JAKARTA - Menteri Kependudukan dan Pembangunan Keluarga/Kepala BKKBN, Wihaji, memberikan pandangannya terkait fenomena childfree (menikah tanpa anak) dan ketakutan menikah yang belakangan menjadi perbincangan di masyarakat Indonesia.
Menurutnya, fenomena ini masih tergolong minoritas dan dipengaruhi oleh berbagai faktor yang kompleks. Hal ini diungkapkan Wihaji dalam acara Refleksi akhir tahun di Kantor Kemendukbangga/BKKBN.
"Yang tidak menikah ini, saya meyakini itu hanya keinginan. Saya orang Indonesia, saya meyakini kulturnya, itu hanya keinginan, belum tentu dikerjakan," ujar Wihaji, saat ditemui di Jl Permata No.1, Jakarta Timur pada Selasa, 31 Desember 2024.
Ia menambahkan bahwa konsep childfree, yaitu pasangan yang menikah tetapi memilih untuk tidak memiliki anak, masih dianggap sebagai fenomena yang belum meluas di Indonesia.
"Satu dua ada yang disebut childfree. Kalau childfree menikah tapi tidak mau punya anak. Saya pikir itu fenomena, tapi masih menjadi fenomena," jelasnya.
Wihaji juga menyoroti ketakutan menikah yang dirasakan oleh sebagian masyarakat. Menurutnya, ketakutan ini sering kali tidak beralasan atau bersifat konstruksi sosial.
"Sebabnya itu mungkin ditakut-takutin. Apa itu? Ekonomi. Takut menikah karena begini begitu. Coba kalau kita bilang 'sudah baik-baik saja'. Ketakutan ini dibuat-buat saja," paparnya.

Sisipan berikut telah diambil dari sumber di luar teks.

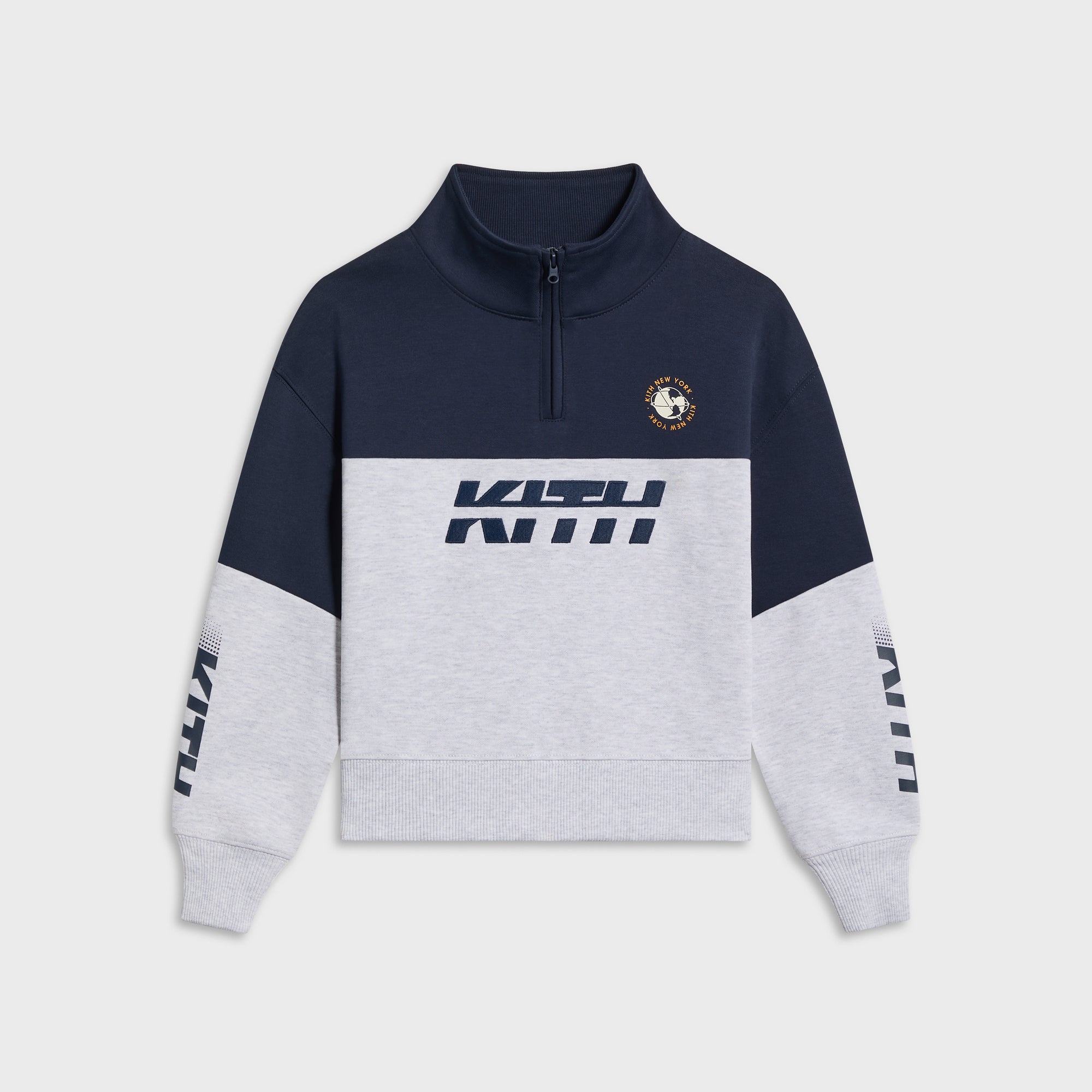 Kith Kids Logo Blocked Hunter Quarter Zip - Nocturnal – Kith Japan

Ia menekankan bahwa meskipun kecemasan tersebut ada, penting untuk memahami penyebabnya agar dapat memberikan solusi yang tepat.
BACA JUGA:
Wihaji mengidentifikasi tiga faktor utama yang menjadi penyebab ketakutan menikah dan keputusan untuk tidak memiliki anak, yakni ekonomi, karier dan kultur.
"Ada 3 penyebab, satu ekonomi, dua karier, ketiga kultur. Ada pergeseran budaya yang menggeser kebahagiaan. Dulu punya anak bahagia, sekarang dengan boneka atau punya anjing bisa bahagia, ini menggeser kebahagiaan," tuturnya.
Selain faktor ekonomi dan budaya, Wihaji juga menyoroti adanya pengalaman pribadi yang memengaruhi keputusan seseorang untuk childfree atau tak mau menikah.
"Biasanya ada sebab, peristiwa. Mungkin pernah terluka hatinya, trauma, sering ditipu oleh pasangan, harapan palsu, ada kelukaan. Ini sebabnya, kita analisis buat kita selesaikan penyebabnya itu." ujarnya.
Wihaji menegaskan bahwa pemerintah dan masyarakat perlu hadir untuk memberikan dukungan dan solusi terhadap permasalahan ini. Dengan memahami akar masalah, diharapkan fenomena ketakutan menikah dan keputusan childfree dapat dikelola dengan pendekatan yang lebih bijaksana dan inklusif.